╭─ INFORMATION GIVEN
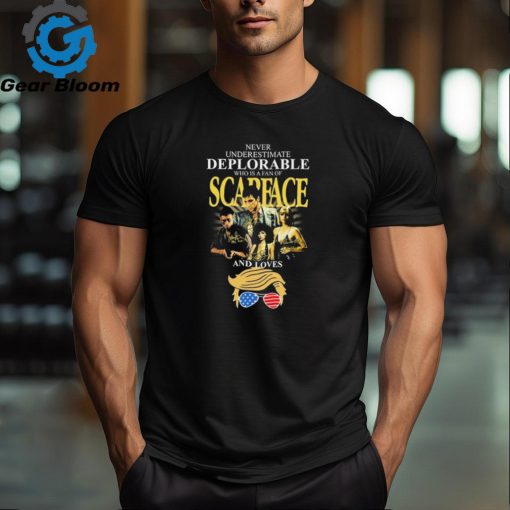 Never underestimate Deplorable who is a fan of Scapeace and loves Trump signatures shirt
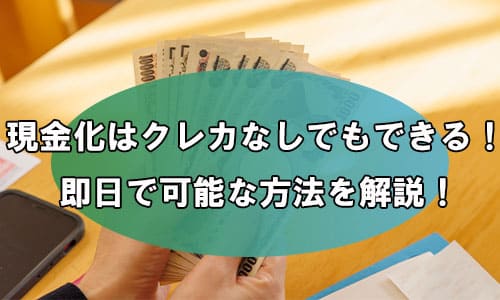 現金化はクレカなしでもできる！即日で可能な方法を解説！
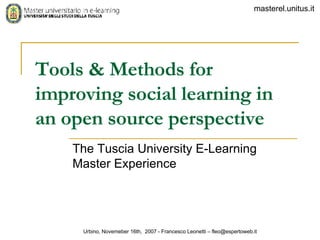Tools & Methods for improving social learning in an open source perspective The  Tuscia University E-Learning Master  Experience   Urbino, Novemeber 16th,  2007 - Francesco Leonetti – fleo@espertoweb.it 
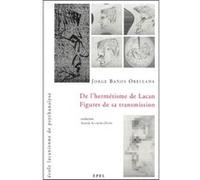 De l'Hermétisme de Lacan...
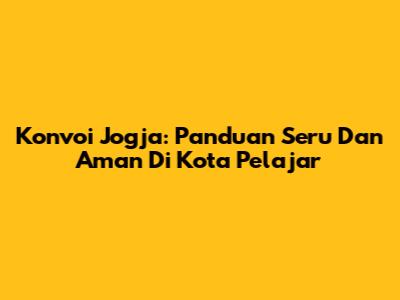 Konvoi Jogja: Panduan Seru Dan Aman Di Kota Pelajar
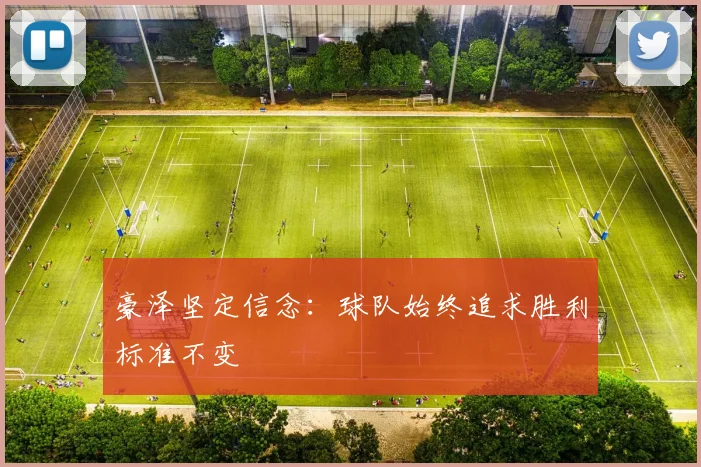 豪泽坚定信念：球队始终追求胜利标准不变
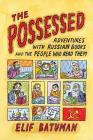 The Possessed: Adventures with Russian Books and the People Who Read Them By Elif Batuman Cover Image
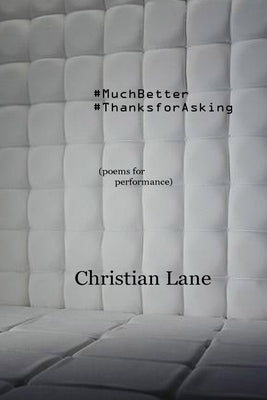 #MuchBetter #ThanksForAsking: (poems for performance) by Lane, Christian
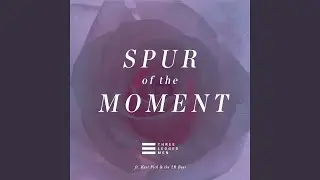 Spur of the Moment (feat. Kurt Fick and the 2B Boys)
╰─
╭─ INFORMATION GIVEN
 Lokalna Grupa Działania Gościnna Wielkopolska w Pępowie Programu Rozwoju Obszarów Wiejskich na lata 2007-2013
╰─
_EXERCISE GOAL_: Copy nothing but the lines above that run from the one with "現金化はクレカなしでもできる！即日で可能な方法を解説！" to the one with "De l'Hermétisme de Lacan...", ends included; pictures stay out.

_RESPONSE TO THIS TASK_:
 現金化はクレカなしでもできる！即日で可能な方法を解説！
Tools & Methods for improving social learning in an open source perspective The  Tuscia University E-Learning Master  Experience   Urbino, Novemeber 16th,  2007 - Francesco Leonetti – fleo@espertoweb.it 
 De l'Hermétisme de Lacan...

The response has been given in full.